Kontuzje sprawiły, że na jego kolejną walkę przyszło czekać blisko rok. Na wspomnianej gali, którą zaplanowano na sobotę (11 maja) w Ergo Arenie niepokonany w MMA Szpilka zmierzył się z Arkadiuszem Wrzoskiem, który w tej formule również nie zaznał jeszcze goryczy porażki.
Dość niespodziewanie już po 14 sekundach walki sędzia ją przerwał. Po tym, jak Szpilka ruszył na swojego rywala, w odwecie otrzymał uderzenia, po których padł na matę. Kolejne ciosy ze strony Wrzoska sprawiły, że ten mógł świętować błyskawiczny triumf.
ZOBACZ WIDEO: #dziejesiewsporcie: 43-letnia legenda błyszczała na gali w Nowym Jorku
- Czuję się dobrze. Wygrał, trafił i po walce - skomentował krótko błyskawiczną porażkę "Szpila".
- Ciężko coś powiedzieć, bo jestem świeżo po walce. Gratuluje mu zwycięstwa, trzeba będzie się podnieść i wrócić do roboty - dodał były bokser.
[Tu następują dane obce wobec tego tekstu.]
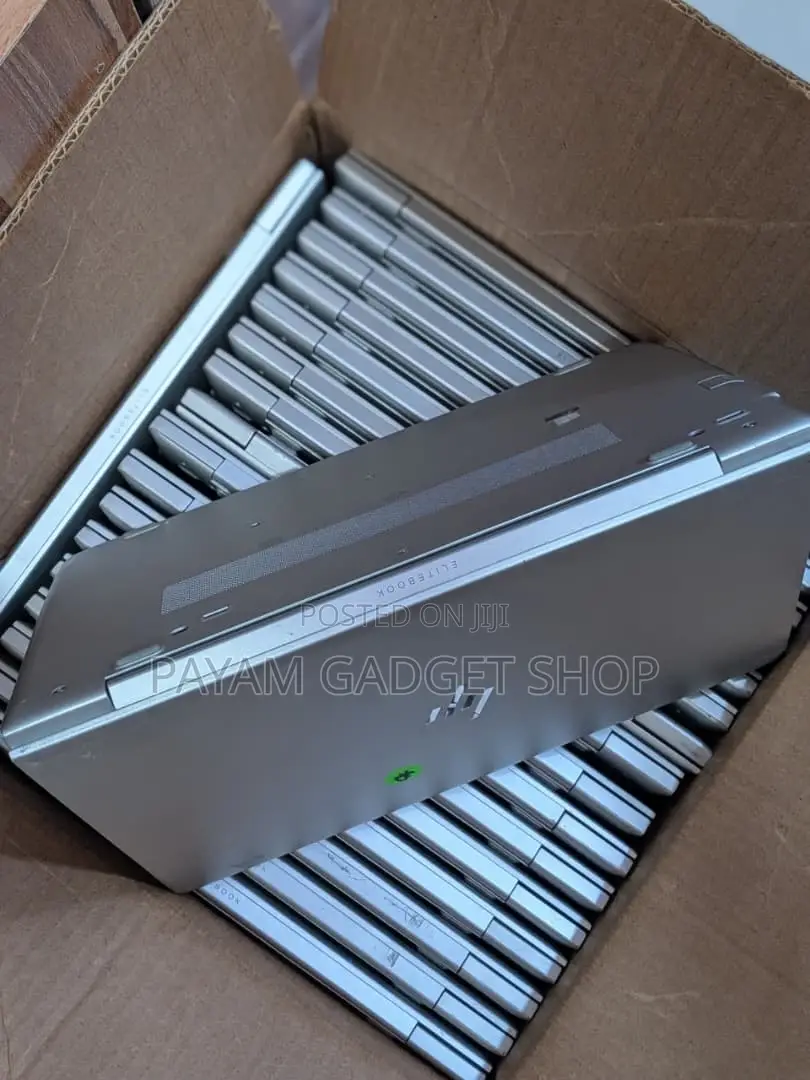 Laptop HP EliteBook 840 G6 8GB Intel Core i7 SSD 256GB
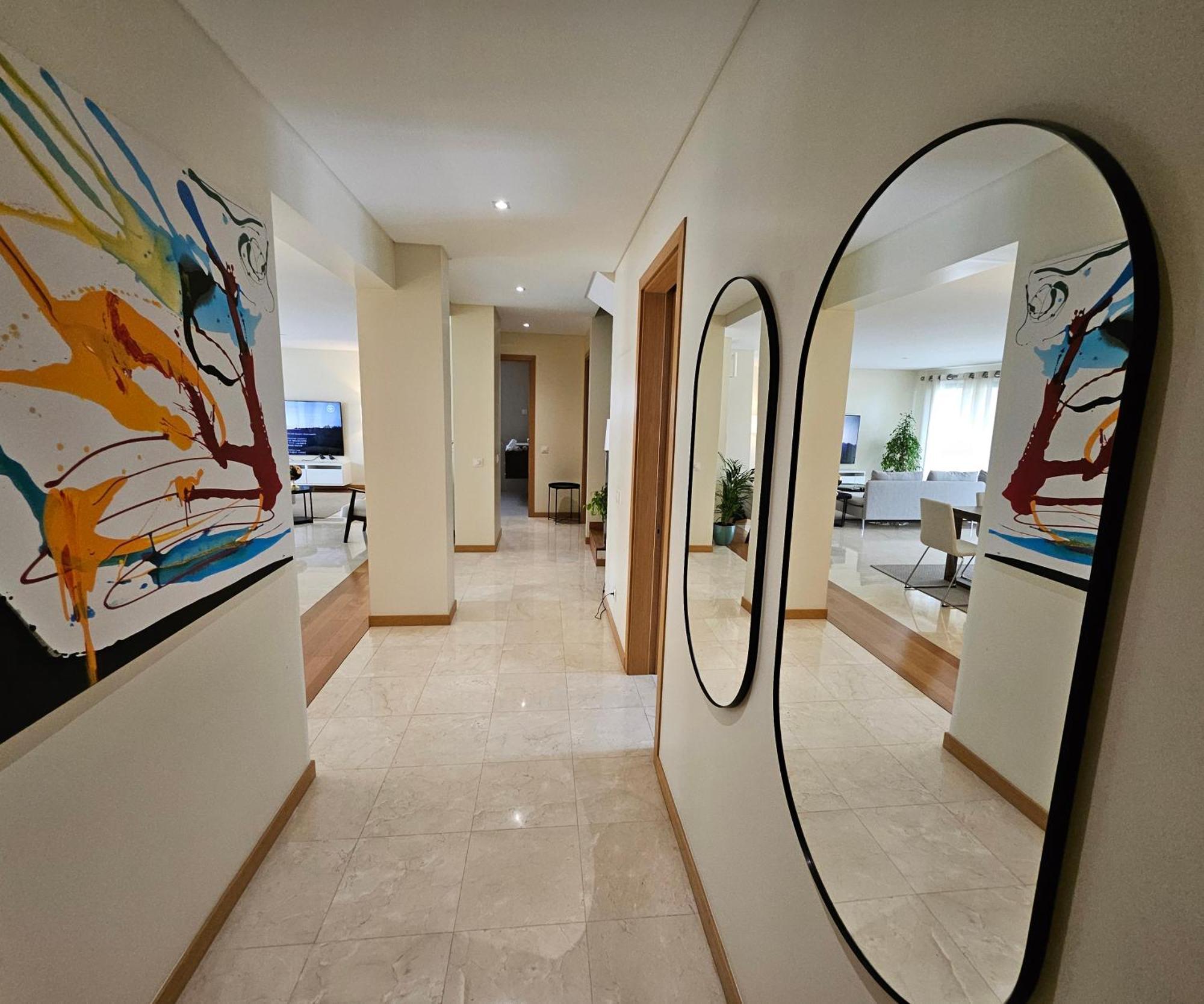 Madeira Luxury Villas Living Funchal Экстерьер фото
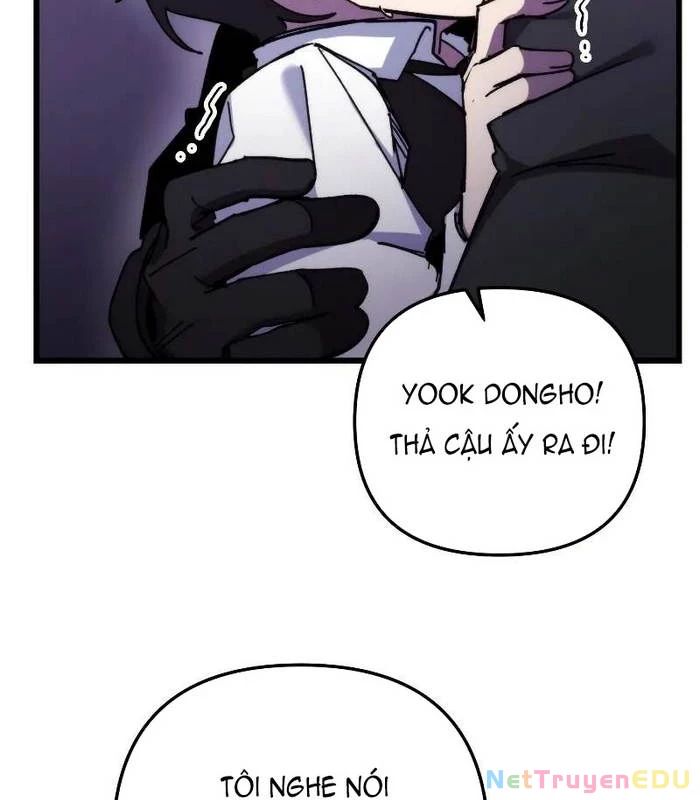 giả vờ làm kẻ vô dụng ở học đường chapter 99 88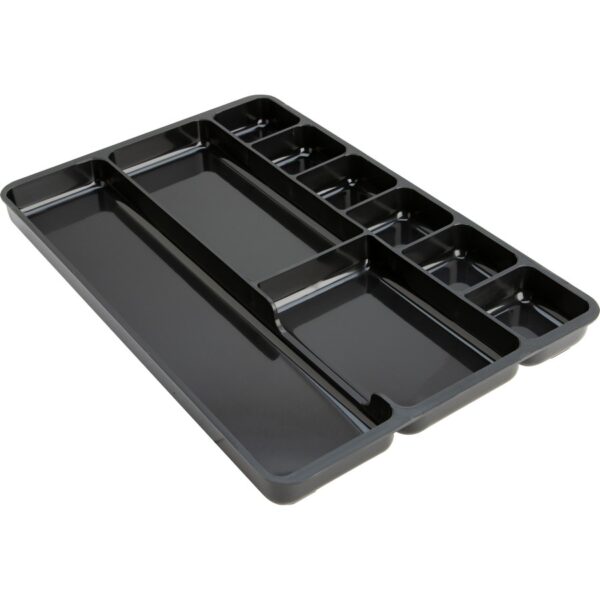 Lorell Drawer Tray Organizer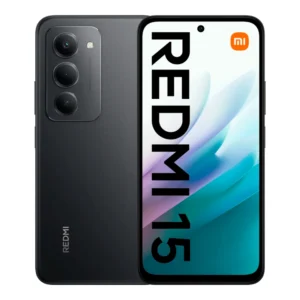 XIAOMI REDMI 15 • 256GB | 8GB RAM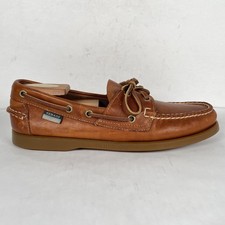 Sebago docksides shoes for sale  Inman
Po zakończeniu pojedynku Szpilka miał pretensje do sędziego, że ten zbyt szybko przerwał ich walkę. Wrzosek poprosił go, aby przemilczeć tę kwestię w wywiadach. - Mam apel do Artura, żeby nic o tym nie mówił. Wolałbym, żebyśmy na chłodno usiedli, obejrzeli i nikt do nikogo nie miał pretensji. Mi się wydawało po powtórce, że Artura na chwilkę odcięło. Sędzia tak zadecydował, on może twierdzić inaczej, ale mam nadzieję, że nie ma do mnie żadnych pretensji o wynik i o to, co zrobił arbiter - powiedział zwycięzca starcia.
- Bardzo go lubię, szanuję i wolałbym, żebyśmy rozmawiali z rozkwaszonymi twarzami po trzyrundowej bitwie niż po takiej walce - dodał.
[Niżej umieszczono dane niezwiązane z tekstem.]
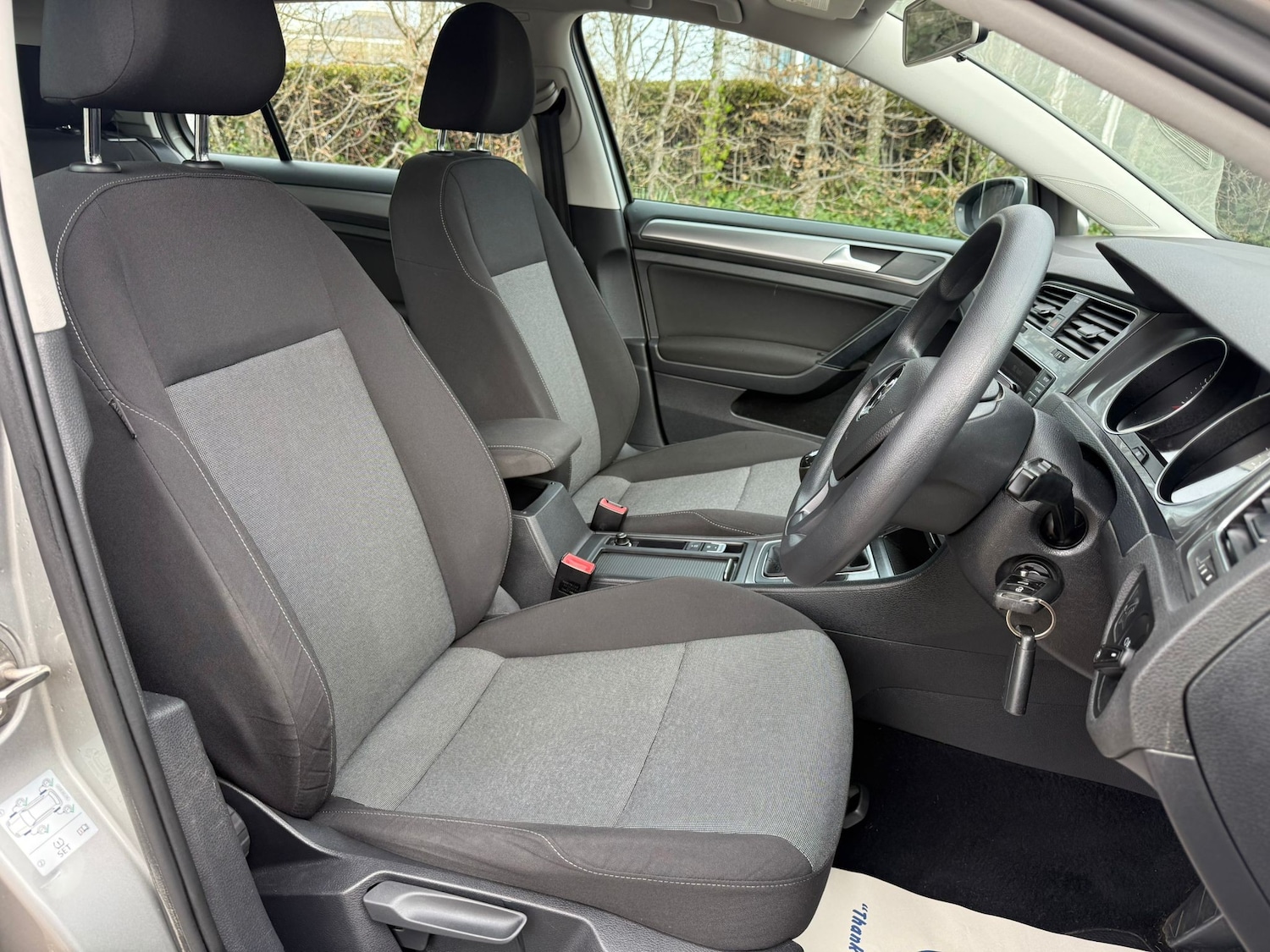 Used Volkswagen Golf 2014 for sale - 77919079: Photo 19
Wrzosek nie ukrywał, że miał problemy z przygotowaniami do tej walki na gali KSW 94. Wszystko z uwagi na to, że praktycznie nie mógł w stanie przewidzieć, co pokaże Szpilka, który powrócił do klatki po długiej nieobecności.
- Będę szczery, Artur moimi emocjami grał przed tą walką. Kompletnie nie wiedziałem, czego się po nim spodziewać. Zawsze staram się założyć sobie plan na początek pojedynku, ale tutaj nie byłem w stanie nic wymyślić. Nie wiedziałem, co Artur wymyśli, ale byłem pewny, że będzie gotowy w 100 procentach. Skontrolowałem te emocje, zacząłem mocno tak, jak chciałem i tyle - wyjaśnił 31-latek.
Wrzosek wyjawił również, że spory wpływ na niego mieli dopingujący go kibice Legii Warszawa, której jest fanem. Ci wspierają go w każdej walce i w Ergo Arenie mocno mu pomogli.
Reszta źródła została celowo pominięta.